In Fig. 10, we selected four larger lesions to evaluate the correlation between predicted Ki and true Ki. Based on the lesion segmentation masks, we calculated the Ki mean in each slice within each lesion volume. It means that the number of calculated Ki mean is equal to the number of slices a lesion volume covers. A linear regression process was applied between predicted Ki and true Ki. In each subplot, the left presented the sagittal (top), coronal (middle), and transverse (bottom) planes, and the lesions were labeled in red and the right presented the regression result. As seen in Fig. 10, there was a significant correlation between predicted Ki and true Ki found on most lesions. Additionally, the proposed self-attention DeepPET showed better result than the DeepPET.
Moreover, to further investigate the ability of CNN-based parametric imaging in small lesion, three small lesions with diameter less than 10 mm were chosen from the twenty patients’ data. The new training and testing were performed, and the training details were the same as above. As shown in Fig. 9, they are the nodule located in the posterior lower segment of the right liver lobe, the nodule in apical segment of the left lung, and the lymph node in the right axilla, respectively. The diameters of 8.9 mm, 8.0 mm, and 6.0 mm were measured on static PET transverse view, respectively, as seen in Fig. 11a. As can be seen from Fig. 11b, the predicted Ki results indicated that the CNN-based methods could detect the small lesion successfully. With the lesion segmentation mask, we calculated the Ki means within these three lesions for both CNN-based results and label data, as shown in Table 4. From the results, the predicted Ki images preserved the lesion details and had comparable statistic values, which is meaningful for clinical oncology research. Meanwhile, with the self-attention mechanism introduced, the predicted results behaved better than DeepPET.
Discussion
In this work, we estimated the parametric images using a CNN-based method for the total-body PET scanner. Based on previous work such as DeepPET and DPIR-Net [43, 44] that successfully produced static PET images directly from raw projection data, we proposed a deep convolutional encoder–decoder network for dynamic parametric reconstruction.

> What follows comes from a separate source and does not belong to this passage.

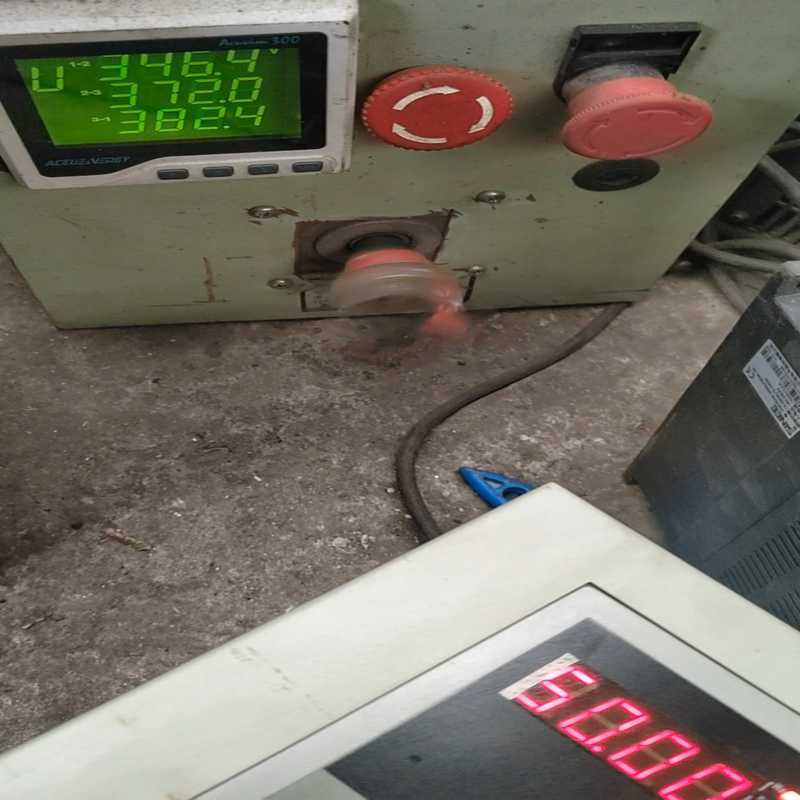 易驱变频器ED3100-4T0150M/4T0185FP（咳咳电子）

Apart from the raw projection data, we involved the low-resolution dynamic images in the decoding phase to facilitate the network to converge to optimal results under the circumstance of a limited dataset. In previous research about DeepPET [43, 44], a large number of datasets including simulation phantoms were used. In this study, present results have proven that utilizing sinogram and dynamic images simultaneously could deliver high-quality parametric images for the DeepPET-like network. In addition, we explored the feasibility of CNN-based parametric image generation from static or dynamic PET images only [53, 54]. A 2D U-Net CNN [55] was adopted to map static or dynamic PET images into parametric images. The static PET image (256 × 256, 60–65 min post-injection) and dynamic PET images (256 × 256 × 5, 40–65 min post-injection) were sent into U-Net CNN and trained separately. Compared with the proposed DeepPET-based structures, the parameters except for learning rate remained during the training of U-Net. A learning rate of 0.0002 was chosen for U-Net to achieve the optimal results. There are three examples seen in Fig. 12. The first column shows static PET images, the middle four columns show predicted Ki images from different CNN structures, and the last column shows the Patlak Ki images. The predicted Ki results obtained from U-Net trained with static/dynamic images looked inferior, especially in low Ki regions, compared to DeepPET-based networks trained with sinogram and dynamic images, and in magnified regions, the latter results presented a closer structure and value distribution to label Ki than the former. Figure 13 shows the quantitative results of the test dataset among four different CNN-based methods in terms of MSE, PSNR, and SSIM. The two DeepPET-based methods achieved lower MSE, higher PSNR, and SSIM than U-Net. Meanwhile, training U-Net with dynamic PET images achieved better results than that with static images. This may be because the multi-frame input can be regarded as feature augmentation and introduces time-varying tracer distribution information.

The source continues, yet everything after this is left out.